上記のように、フィコエリトリンはさまざまな藻類に見られます。そのため、光合成の促進に必要な吸光度と光の放出の効率にはばらつきがあります。これは、特定の藻が典型的に存在する水柱の深さと、結果としてアクセサリー顔料の効率の向上または低下の結果である可能性があります。

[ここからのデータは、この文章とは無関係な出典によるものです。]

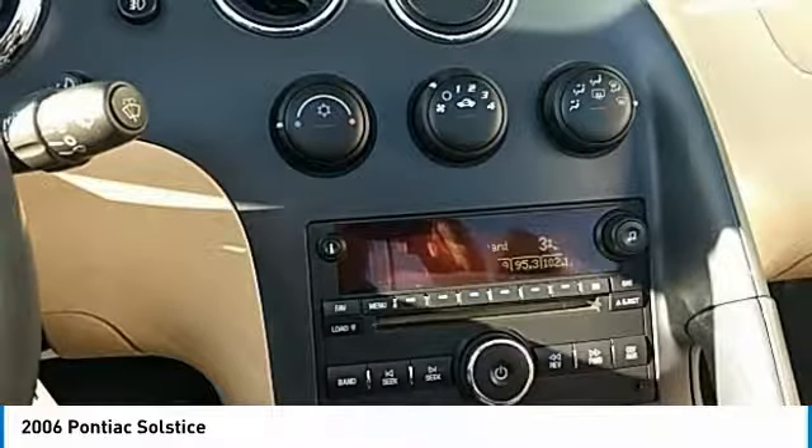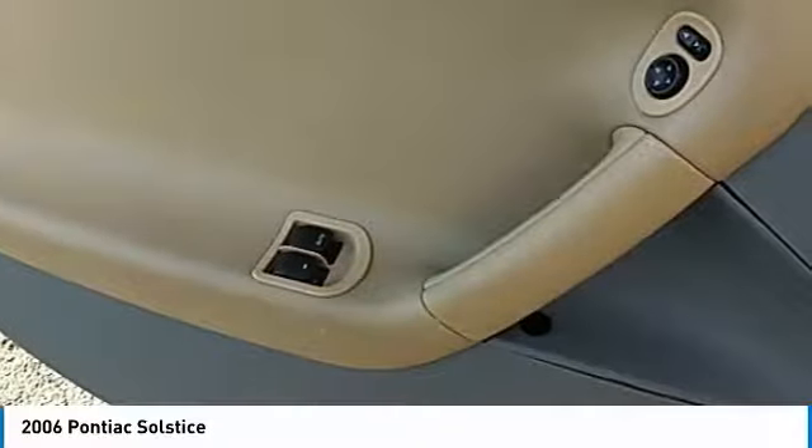Power windows, CD player, remote keyless entry. Searching for a dependable vehicle that looks great too? You found it. So stop in today.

急速な光退色を避けることができるイメージングおよび検出技術の進歩により、タンパク質フルオロフォアは、顕微鏡、マイクロアレイ分析、ウエスタンブロッティングなどの分野の研究者にとって実行可能で強力なツールになりました。これに照らして、研究者がこれらの可変R-フィコエリスリンをスクリーニングして、特定の用途に最も適切なR-フィコエリスリンを決定することは有益かもしれません。蛍光効率のわずかな増加でさえ、バックグラウンドノイズを減らし、偽陰性の結果の割合を下げる可能性があります。

実用的なアプリケーション

R-フィコエリトリン(PEまたはR-PEとしても知られています)は、シアノバクテリアの存在および抗体の標識、ほとんどの場合フローサイトメトリー用の蛍光ベースのインジケーターとして実験室で有用です。急速な光退色特性のため、免疫蛍光顕微鏡法での使用は制限されています。 B-フィコエリトリンなど、わずかに異なるスペクトル特性を持つ他のタイプのフィコエリトリンもあります。 B-フィコエリトリンは、約545 nm(わずかに黄緑色)で強く吸収し、代わりに572 nm(黄色)で強く発光し、一部の機器により適しています。 B-フィコエリトリンは、R-フィコエリトリンよりも「粘着性」が低く、特定の用途における非特異的結合によりバックグラウンド信号への寄与が少ないこともあります。ただし、R-PEは抗体コンジュゲートとしてより一般的に入手可能です。

R-フィコエリトリンとB-フィコエリトリンは、これまでに同定された最も明るい蛍光色素です。